Thursday, September 04, 2014

Quartz Boulder and Quarried Questions

or
“Speak! Silent rock, and tell me thy mysterious tale...”
I drive by here often, along a road called Quassapuag, the old Indian Trail to the Lake of the same name. I've posted the good photos from different places along that trail/road and I've bored you with old aerial photos of the zigzag rows of stones that showed profusely on both sides of the road. Little bits of zigzag remain in places, sometimes as solid as can be, sometimes so borrowed from that you can barely tell they were once there. 
Every once in a while, someone cleans up around those "stone walls" - which I like much better than seeing that people have turned an old zigzag row into a brick and block-like "proper stone wall."

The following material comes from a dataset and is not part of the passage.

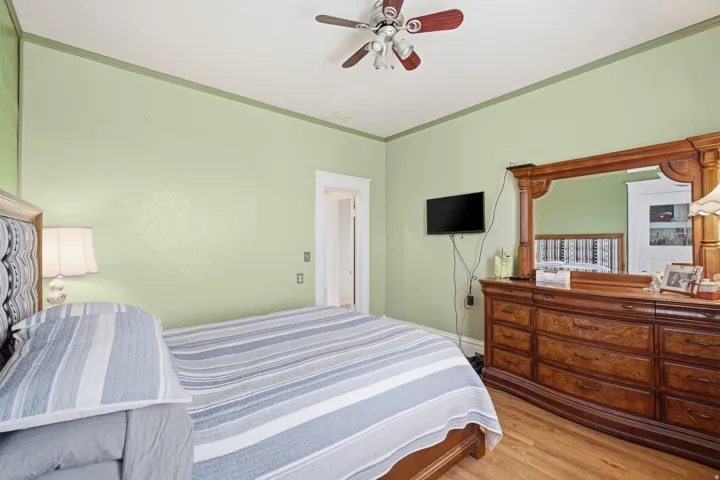 Room featuring light green walls with a darker green crown molding, wood-finish flooring, and a ceiling fan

I'll post some details soon, but the one stone in the segment of stones that sticks out in my mind is a boulder further down the road where the row becomes less visible:
There it is on the left in the photo above, a boulder with a vein of quartz running through it:





Too big and oddly shaped to have been borrowed and used elsewhere, could it be a point stone that was just left alone because that was the easiest thing to do?
The next question just sort of popped into my head: Could a person quarry a stone point or other tool out of this vein of quartz? Wouldn't that be sort of handy, a little like a convenience store on the way from Nonnewaug Wigwams to the Quassapaug Fish Camp (on the White Deer Rocks Road)?
My morning google search turned up just one person's photos of a possible boulder that might have been used that way, but it turned out to be me, writing on this blog about a stone found in 1997:
(I even went back to look for it again but didn't get any better photos of the boulder - and I guess I "reconstructed" this possible feature - I found the stone had probably been washed off the stone in what is termed a 100 year flood and plucked it out of the washed in sedement:
I put it back where I thought had originally found it:
I guess I should go back and correct my mistake...

These were interesting search results: 
AN ABORIGINAL QUARTZ QUARRY AT SAMP MORTAR RESERVOIR, FAIRFIELD, CONNECTICUT By Bernard W. Powell
     "PREHISTORIC quartz quarries and chipping stations are not commonly described from this area.  One such is here described, and the nature and extent of the workings are identified and defined.  Techniques of the ancient quarriers are inferred from the excavated evidence, and a chronological placement is advanced.       Steatite, schist, and graphite quarries presumably dating to very ancient times have been identified by numerous researchers in the Northeast (R. P. Bullen, 1940; W. S. Fowler, 1943; W. J. Howes, 1944; and G. C. Dunn, 1945).  These materials were widely sought and traded by Amerinds, apparently in preceramic times.       Less frequently cited are quartz quarries, probably because float quartz and other durable silicates are widely dispersed in the glacial drift of southern New England.  Nevertheless, especially attractive outcrops of quartz were worked by the aborigines from time to time.  I here describe one such site, and the nature and extent of its workings…Observations of the outcrop itself, and of the tailings, cores, and blanks support the inference that the ancient quarriers concentrated mainly on breaking out large pieces of quartz along natural cracks.  Rough flake scars and negative bulbs of percussion, many still traceable on working faces in situ at the quarry, suggest that percussive methods of extraction were paramount.  Presence of numerous cores with naturally formed striking and anvil platforms is advanced as one of two main reasons the aborigines chose to work this site.  The other is thought to be availability of large, flat, homogeneous pieces of quartz, typified by the "quarry blades" shown in Plate II B..."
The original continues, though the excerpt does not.